Terminou em Recife na última semana de maio o encontro bianual de planejamento urbano – reunião na qual houve alta concentração de escolas, programas de pós-graduação do país e alguns pesquisadores estrangeiros viajando pelo Brasil. Foram cinco dias de muita conversa, dessa vez sob o título de XV ENANPUR – Desenvolvimento, Planejamento e Governança. Como é fácil depreender deste elenco de conceitos que o nomeiam, o tom predominante do encontro foi dado pelas falas ao redor do novo desenvolvimentismo, tema quase onipresente que incluiu desde a discussão sobre um novo macro ambiente institucional e político no Brasil até as especulações acerca do imaginário espacial do desenvolvimentismo, o qual está ancorado nos costumeiros fetiches institucionais (“as escalas múltiplas ou a região metropolitana – qual é a projeção do novo Brasil?”), não sem passar pelas tentativas de denominar o período que atravessamos ( uma transição? Um híbrido? O desenvolvi-mento como intenção?), e, obviamente, pelas ponderações sobre o projeto de inserção internacional do país baseado em sua (re)afirmação como plataforma de exploração de recursos naturais e de valorização financeira, com as implicações em desindustria-lização e ruptura de cadeias produtivas nacionais.

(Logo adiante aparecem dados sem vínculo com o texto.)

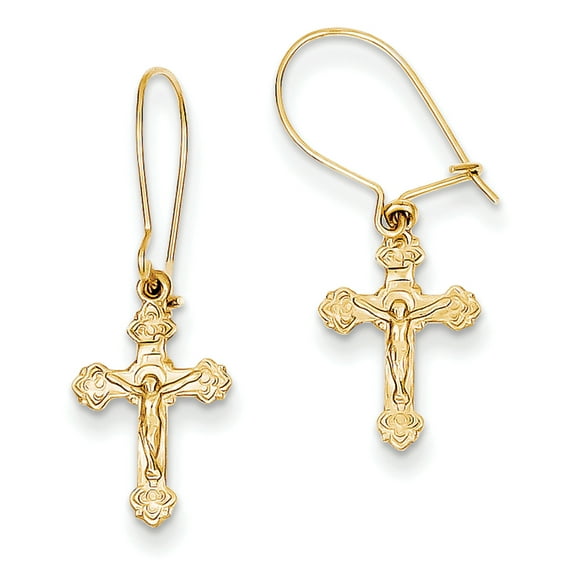 Primal Gold 14 Karat Yellow Gold Polished Crucifix Earrings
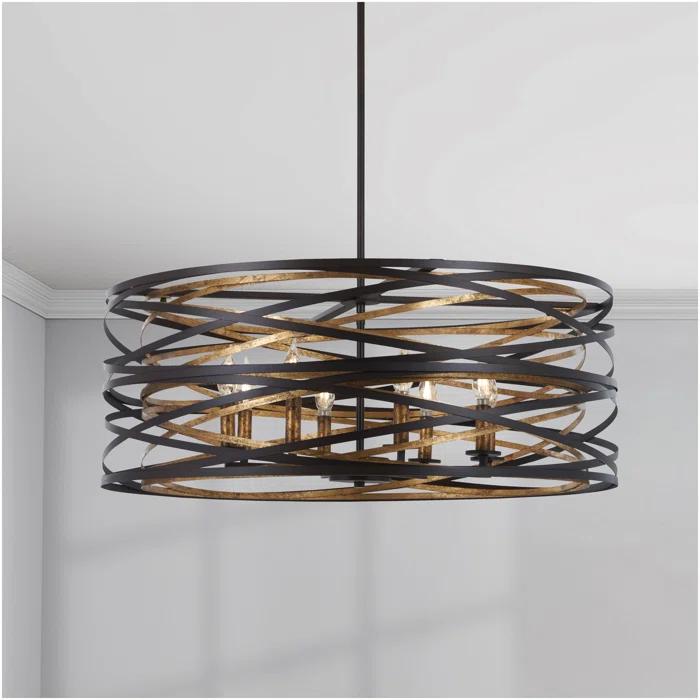 Vortic Flow 8 - Light Dark Bronze/Mosaic Gold Unique/Statement Pendant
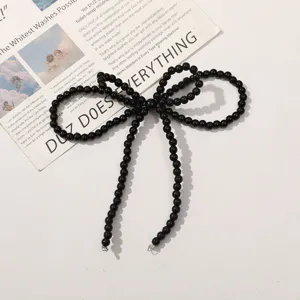 Black Imitation Pearl Bow DIY Accessory Cute Shoe Charm Bag Pendant Jewelry Crafting Item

Molduras teóricas hegemônicas à
parte, o debate mais potente do encontro foi propiciado pelo grupo de
pesquisadores coordenados por Fabrício Leal de Oliveira e Carlos Vainer, cuja
sessão de apresentação se denominou Planejamento e Conflito: experiências de planejamento urbano em
contexto de conflitos sociais.
Já em 2011, no ENANPUR
precedente, Vainer denunciava a exaustão do “participacionismo de resultados” e
o planejamento refreado no impasse da participação institucionalizada,
valendo-se desde então da frase de efeito que resume sua posição sobre
conselhos cogestores de políticas setoriais, conselhos tripartites de cidades,
conferências e planos diretores participativos – “o Brasil tem tantos ou mais
conselhos que a Rússia em 1918!”. O aprofundamento da pesquisa agora
apresentada evidencia uma contraposição a tal estado de coisas: o trabalho tem
como fundamento a superação dos “processos ditos participativos”, na medida em
que esses evocam a participação para legitimar a mediação e o contorno do
conflito social, concebido como patologia ou disfunção social. Trata-se, afinal
e pelos casos expostos, de fazer a conceituação de um planejamento conflitual,
embora o autor insista em dizer que “não se trata de uma metodologia ou
sistema” de planejamento urbano.
Não resta dúvida de que há muitos
avanços no que Vainer expressa como “planejar para lutar, lutar para planejar”.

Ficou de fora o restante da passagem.